Haiman (1980:331): “the distinction between dictionaries and encyclopedias is not only one that is
practically impossible to make, but one that is fundamentally misconceived […] dictionaries are
encyclopedias” (cf. also Langacker 1987:154ff, Croft 1993).
“a network of shared, conventionalized, to some extent perhaps idealized knowledge, embedded in a pattern
of cultural beliefs and practices” (Taylor 1989:23)
2. La base expérientielle de notre pensée
2.1. Image schématiques
• Beaucoup de nos concepts sont fondés (grounded) dans notre expérience, physique et culturelle (cf. le
“experiential realism” de G Lakoff, 1987), ce qui vaut particulièrement pour nos concepts spatiaux.
Notre expérience spatiale quotidienne donne lieu à des images abstraites (image schemata), p.ex.

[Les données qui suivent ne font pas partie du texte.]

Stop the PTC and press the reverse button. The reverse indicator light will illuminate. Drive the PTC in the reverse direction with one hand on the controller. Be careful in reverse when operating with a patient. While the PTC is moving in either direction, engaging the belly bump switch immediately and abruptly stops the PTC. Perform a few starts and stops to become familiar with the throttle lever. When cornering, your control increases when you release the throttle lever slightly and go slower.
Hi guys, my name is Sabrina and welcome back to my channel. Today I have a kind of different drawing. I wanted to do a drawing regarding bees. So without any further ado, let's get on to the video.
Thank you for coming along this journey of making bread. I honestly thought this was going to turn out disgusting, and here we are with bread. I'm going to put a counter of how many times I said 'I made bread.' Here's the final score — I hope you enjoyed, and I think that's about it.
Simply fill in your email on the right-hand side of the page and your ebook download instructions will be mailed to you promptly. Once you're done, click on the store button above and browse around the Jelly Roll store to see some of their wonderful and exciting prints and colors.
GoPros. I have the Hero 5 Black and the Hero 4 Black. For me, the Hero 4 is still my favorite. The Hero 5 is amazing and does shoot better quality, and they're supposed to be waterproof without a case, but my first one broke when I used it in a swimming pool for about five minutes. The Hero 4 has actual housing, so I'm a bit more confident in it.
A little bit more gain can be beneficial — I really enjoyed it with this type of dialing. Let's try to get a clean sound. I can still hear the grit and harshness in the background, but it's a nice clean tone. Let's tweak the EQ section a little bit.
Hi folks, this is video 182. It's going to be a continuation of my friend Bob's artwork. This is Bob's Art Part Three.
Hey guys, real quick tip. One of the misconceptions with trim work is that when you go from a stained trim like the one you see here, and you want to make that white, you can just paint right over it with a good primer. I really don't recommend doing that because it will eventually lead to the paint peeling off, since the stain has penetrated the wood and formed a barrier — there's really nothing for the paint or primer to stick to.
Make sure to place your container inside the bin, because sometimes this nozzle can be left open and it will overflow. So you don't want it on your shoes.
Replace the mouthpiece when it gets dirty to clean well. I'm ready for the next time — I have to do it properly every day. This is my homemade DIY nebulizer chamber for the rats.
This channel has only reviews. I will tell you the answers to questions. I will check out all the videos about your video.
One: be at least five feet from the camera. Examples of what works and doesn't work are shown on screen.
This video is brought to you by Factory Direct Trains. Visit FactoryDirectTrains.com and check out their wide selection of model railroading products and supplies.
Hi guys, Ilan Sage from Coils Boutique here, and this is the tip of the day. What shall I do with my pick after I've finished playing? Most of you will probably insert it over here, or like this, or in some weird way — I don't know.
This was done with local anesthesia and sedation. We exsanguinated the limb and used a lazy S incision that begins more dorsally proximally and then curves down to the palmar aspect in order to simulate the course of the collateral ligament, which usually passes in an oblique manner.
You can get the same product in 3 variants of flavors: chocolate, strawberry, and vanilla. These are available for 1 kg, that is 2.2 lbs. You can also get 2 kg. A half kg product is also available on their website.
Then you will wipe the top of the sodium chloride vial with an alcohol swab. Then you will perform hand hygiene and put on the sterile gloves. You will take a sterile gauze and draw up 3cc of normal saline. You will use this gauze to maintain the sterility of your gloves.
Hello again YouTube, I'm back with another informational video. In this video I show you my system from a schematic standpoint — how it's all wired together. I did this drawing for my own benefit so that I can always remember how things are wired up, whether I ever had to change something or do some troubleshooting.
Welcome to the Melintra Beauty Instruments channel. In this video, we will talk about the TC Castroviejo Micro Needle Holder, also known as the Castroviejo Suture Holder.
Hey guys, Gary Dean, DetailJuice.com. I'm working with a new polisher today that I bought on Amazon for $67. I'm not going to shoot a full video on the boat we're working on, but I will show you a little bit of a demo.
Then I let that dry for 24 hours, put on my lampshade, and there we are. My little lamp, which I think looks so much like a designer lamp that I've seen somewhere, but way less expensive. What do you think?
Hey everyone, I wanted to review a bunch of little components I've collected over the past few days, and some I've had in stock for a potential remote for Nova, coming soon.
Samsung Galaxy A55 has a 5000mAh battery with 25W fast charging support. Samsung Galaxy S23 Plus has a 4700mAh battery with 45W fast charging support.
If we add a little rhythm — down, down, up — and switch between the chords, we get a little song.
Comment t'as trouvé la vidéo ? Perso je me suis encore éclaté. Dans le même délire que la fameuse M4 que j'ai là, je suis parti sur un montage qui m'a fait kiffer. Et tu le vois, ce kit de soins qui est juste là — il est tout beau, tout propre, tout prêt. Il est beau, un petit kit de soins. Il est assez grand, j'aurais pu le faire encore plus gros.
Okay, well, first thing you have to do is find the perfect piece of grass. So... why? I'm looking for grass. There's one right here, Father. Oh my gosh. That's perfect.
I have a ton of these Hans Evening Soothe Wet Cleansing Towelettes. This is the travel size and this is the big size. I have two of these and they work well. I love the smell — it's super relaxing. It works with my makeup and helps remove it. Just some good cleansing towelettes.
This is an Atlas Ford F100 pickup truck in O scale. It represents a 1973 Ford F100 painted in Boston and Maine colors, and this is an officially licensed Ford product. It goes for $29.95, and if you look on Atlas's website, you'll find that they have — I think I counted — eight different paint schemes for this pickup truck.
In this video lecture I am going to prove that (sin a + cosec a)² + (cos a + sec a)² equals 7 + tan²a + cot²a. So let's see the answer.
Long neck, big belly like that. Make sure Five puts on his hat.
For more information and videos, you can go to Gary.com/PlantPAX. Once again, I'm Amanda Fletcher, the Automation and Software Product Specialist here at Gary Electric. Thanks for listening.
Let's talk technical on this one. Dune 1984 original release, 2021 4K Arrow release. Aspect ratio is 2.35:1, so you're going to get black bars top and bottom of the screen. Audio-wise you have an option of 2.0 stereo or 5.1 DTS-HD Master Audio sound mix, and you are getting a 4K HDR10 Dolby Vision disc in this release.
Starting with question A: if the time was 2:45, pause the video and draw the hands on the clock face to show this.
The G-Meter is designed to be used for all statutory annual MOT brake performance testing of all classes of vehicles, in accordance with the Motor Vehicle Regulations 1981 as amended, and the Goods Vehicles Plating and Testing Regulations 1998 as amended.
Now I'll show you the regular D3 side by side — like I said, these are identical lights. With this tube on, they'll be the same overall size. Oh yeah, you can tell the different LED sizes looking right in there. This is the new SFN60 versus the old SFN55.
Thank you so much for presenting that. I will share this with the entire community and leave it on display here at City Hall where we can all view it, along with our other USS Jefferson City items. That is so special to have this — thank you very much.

AVANT-DERRIERE, HAUT-BAS, etc.
“Knowledge is seen by many cognitive semanticists […] as being grounded in patterns of bodily
experience. These patterns, called image schemas, emerge throughout sensorimotor activity as we
manipulate objects, orient ourselves spatially and temporally, and direct our preceptual focus for various
purposes” (Gibbs 1994:233,)
2.2. Métaphores conceptuelles
• « Notre système conceptuel ordinaire, qui nous sert à penser et à agir, est de nature fondamentalement
métaphorique » (Lakoff & Johnson 1985:13). Exemples:
- LE CHAMPS VISUEL, C’EST UN CONTENANT : Le navire entre dans le champs de vision. Il
est en vue.
- LE TEMPS, C’EST DE L’ESPACE : D’ici une heure on saura plus des métaphores. Je sais le
faire dans une heure. Les semaines derrières nous …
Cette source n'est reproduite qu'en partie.